この紙切り芸が映画の中で使われただけだった。そんなの、わかるわけがない。

この紙切り芸を映画の中では鈴木蘭々の「陸奥睦美」が行う。あれ? このキャラは『花とアリス』に出て来たんだっけ? いや、これは『Love Letter』の「及川早苗」がモデルでした。
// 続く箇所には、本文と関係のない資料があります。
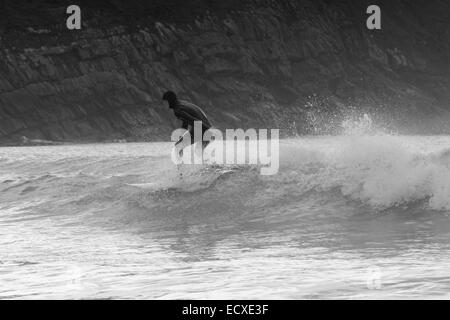 De bonnes conditions en mer permet à un internaute de rouler une bonne vague pour une longue course au nord du Pays de Galles, Porth Neigwl Banque D'Images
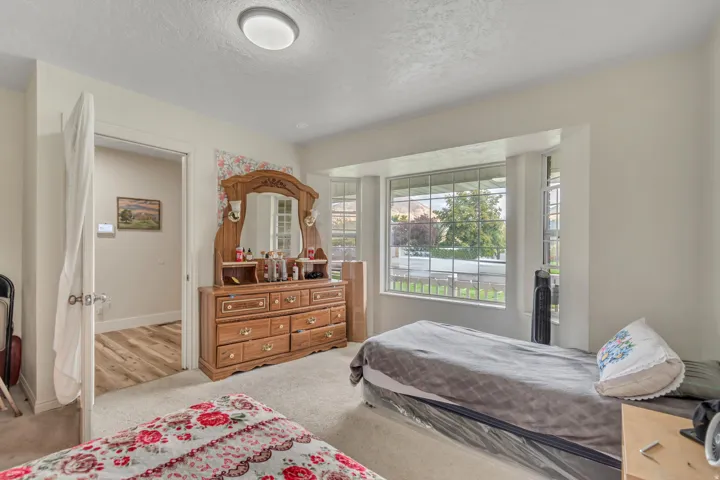 Carpeted interior space featuring a bay window, ceiling-mounted light fixture, and an open doorway revealing wood-finish flooring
→岩井俊二→(声)蒼井優→ロックウェルアイズ、スティーブンスティーブン/2015→T・ジョイ大泉→★★★☆

ナショナル ギャラリー 英国の至宝

監督:フレデリック・ワイズマン
出演:ナショナル ギャラリーの人びと
原題:National Gallery
制作:フランス、アメリカ/2014
URL:http://www.cetera.co.jp/treasure/
場所:ル・シネマ

フレデリック・ワイズマンの今回の題材はロンドンにある「ナショナル ギャラリー」。2011年11月9日〜2012年2月5日に開催された「レオナルド・ダ・ヴィンチ回顧展」を中心に、ナショナル ギャラリーの中で働く人びとを追いかけている。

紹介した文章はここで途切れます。